Seja por esperança, inveja ou curiosidade mórbida - como espectadores esperando ver um de seus foguetes cair em uma explosão de fogo - a China não se cansa de Musk. Os carros elétricos da Tesla são sucesso de vendas no país, e as crescentes ambições espaciais do governo geraram uma comunidade de fãs que acompanham todos os lançamentos da SpaceX.

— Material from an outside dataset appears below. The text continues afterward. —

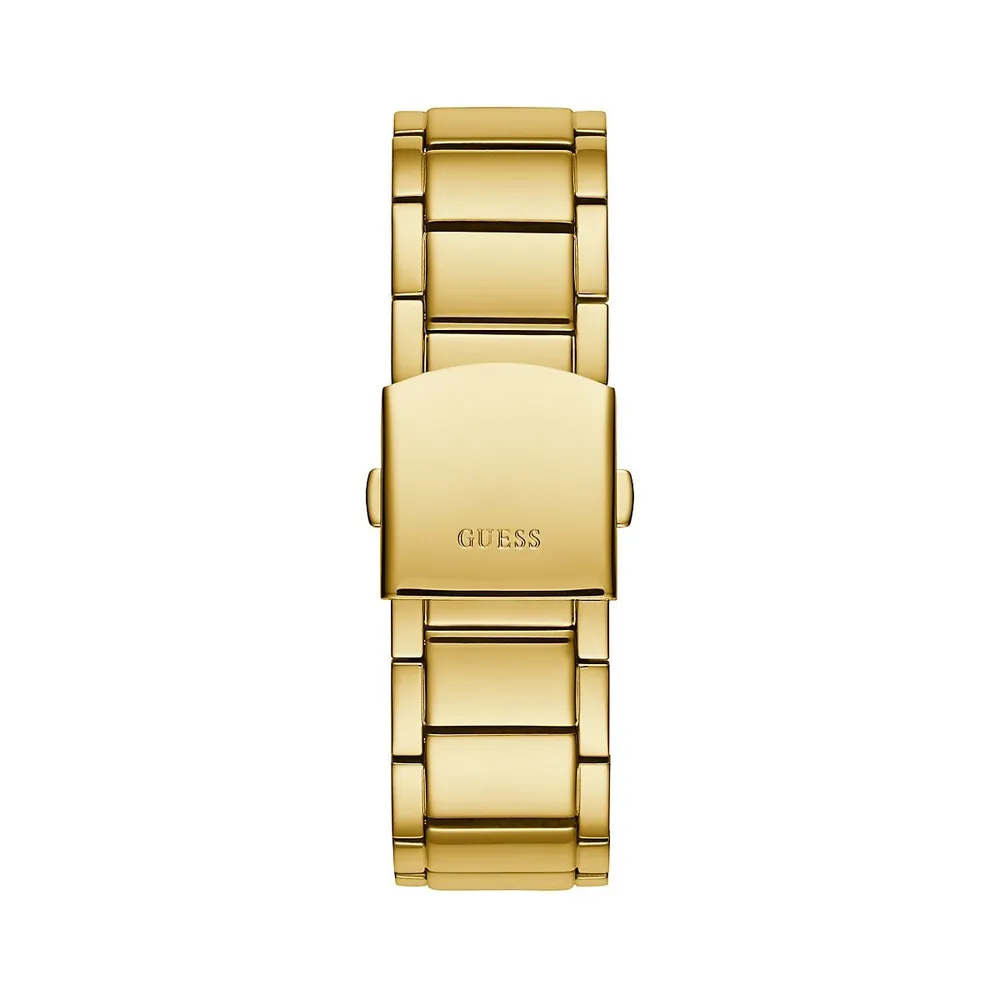 Montre-bracelet chronographe en acier inoxydable doré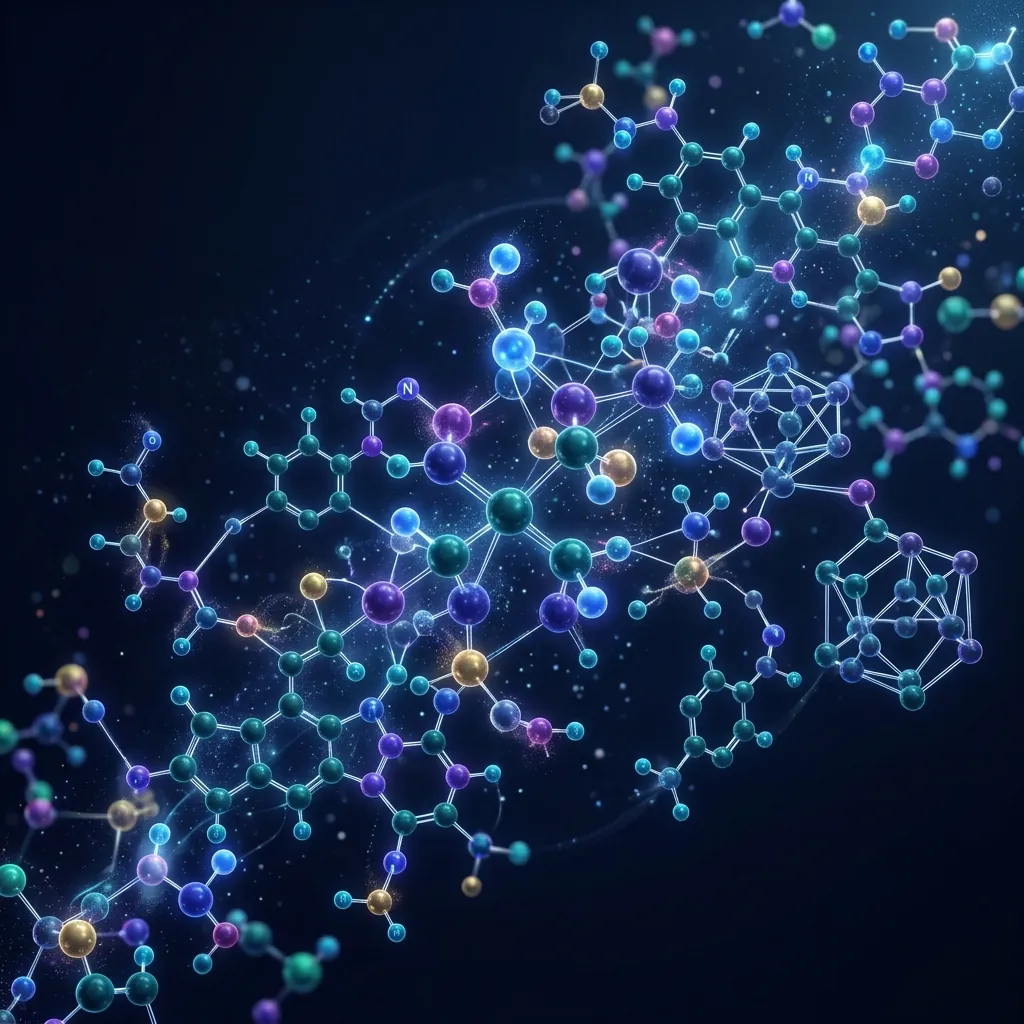 Abstract visualization of atoms and molecular bonds representing mass calculations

As mídias sociais estão repletas de vídeos e artigos questionando se o bilionário sul-africano é um pioneiro ou uma fraude e analisando tudo, desde como ele foi criado até o que escolheu comer em Pequim. Os fundadores de startups juram seguir sua crença no “pensamento dos primeiros princípios”, que busca soluções examinando os problemas em seu nível mais fundamental. Uma pilha de livros de autores chineses promete revelar os segredos do “Homem de Ferro do Vale do Silício”, apelido que parece ter pegado na China, o que não aconteceu com "rei de Marte" ou "homem-foguete".

Em um longo fio sobre Musk no site de perguntas e respostas Zhihu, um usuário chamado Moonshake escreveu que a maioria das pessoas começa cheia de esperança, mas gradualmente aceita a “mediocridade” que é seu destino.

“Apenas um super-homem como Musk pode passar da mediocridade sem fim e seguir em direção ao infinito, para ver a magnificência do universo”, escreveu Moonshake.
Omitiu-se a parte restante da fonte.